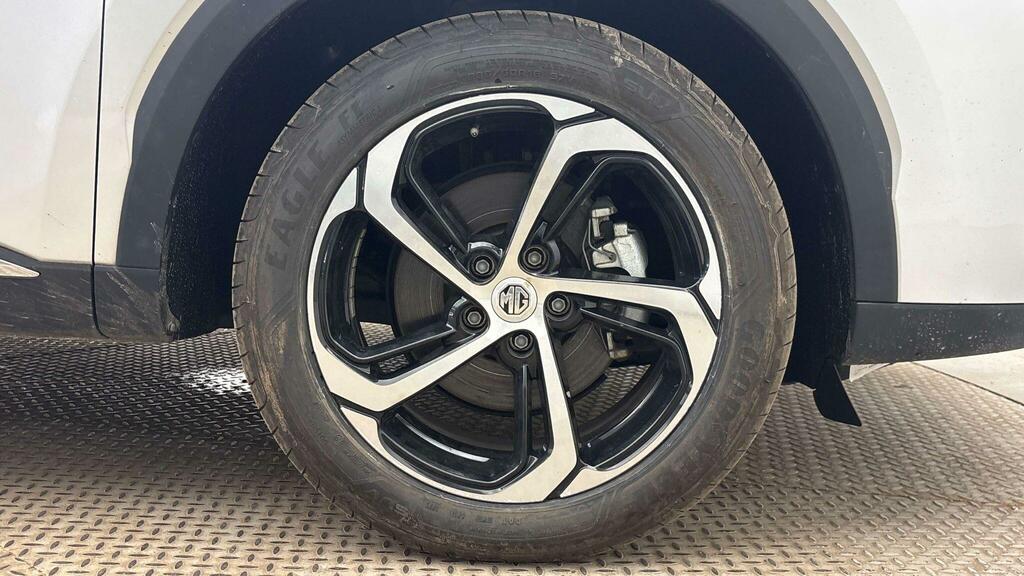 MG HS 1.5 T-gdi 16.6Kwh Trophy Euro 6 Ss Silver #6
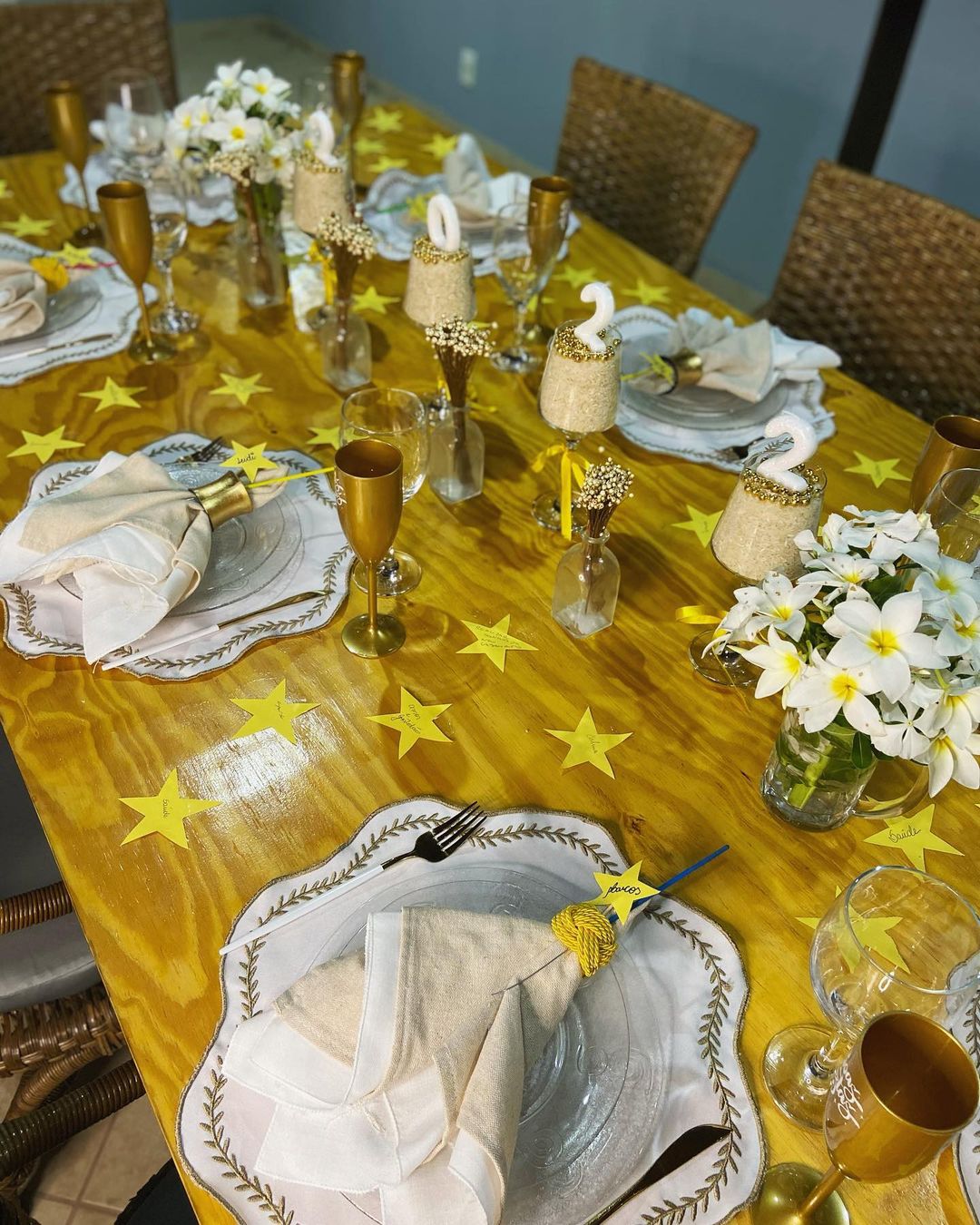 decoração mesa reveillon dourado ou prata qual escolher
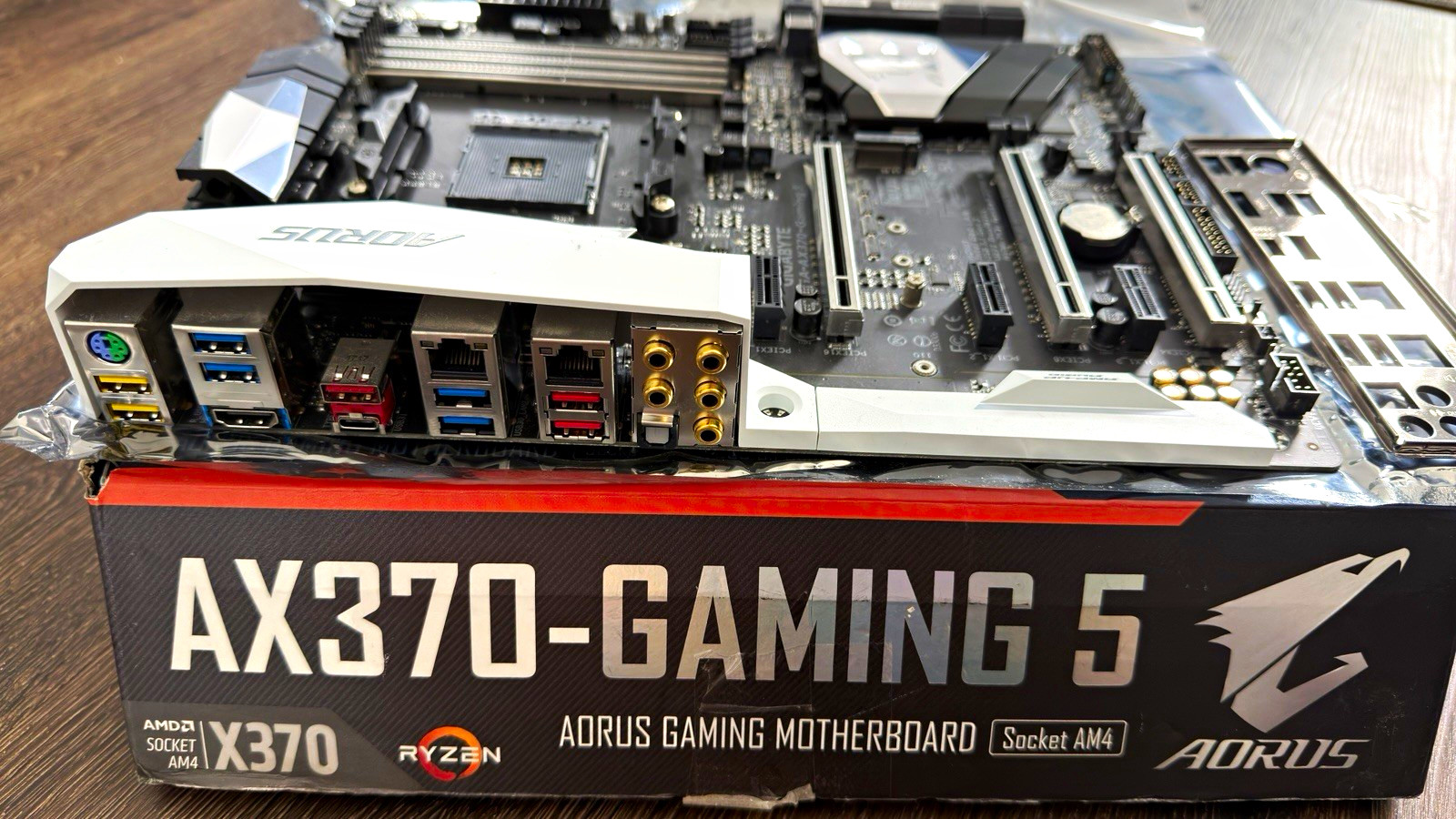 GIGABYTE AORUS GA-AX370-GAMING 5 AMD Socket AM4 X370 ATX DDR4
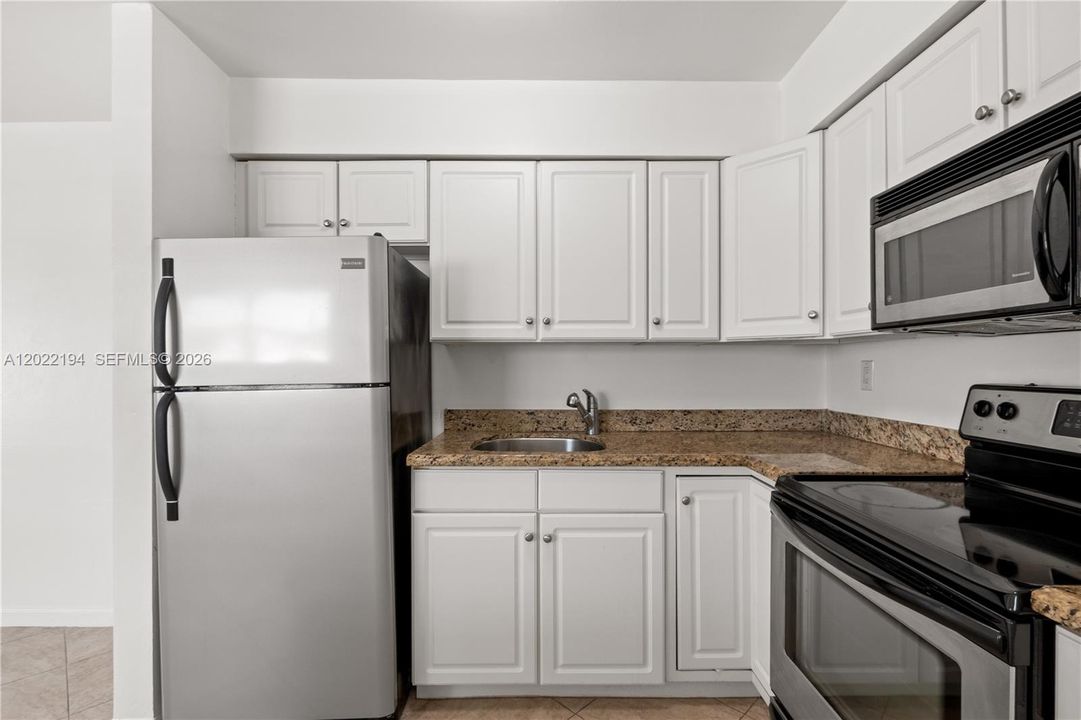 For Sale: $139,200 (1 beds, 1 baths, 600 Square Feet)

Your objective - Since the pictures are not part of the copy, transcribe only the remaining material, exactly.

Exercise response -
 MG HS 1.5 T-gdi 16.6Kwh Trophy Euro 6 Ss Silver #6
 decoração mesa reveillon dourado ou prata qual escolher
 GIGABYTE AORUS GA-AX370-GAMING 5 AMD Socket AM4 X370 ATX DDR4
 For Sale: $139,200 (1 beds, 1 baths, 600 Square Feet)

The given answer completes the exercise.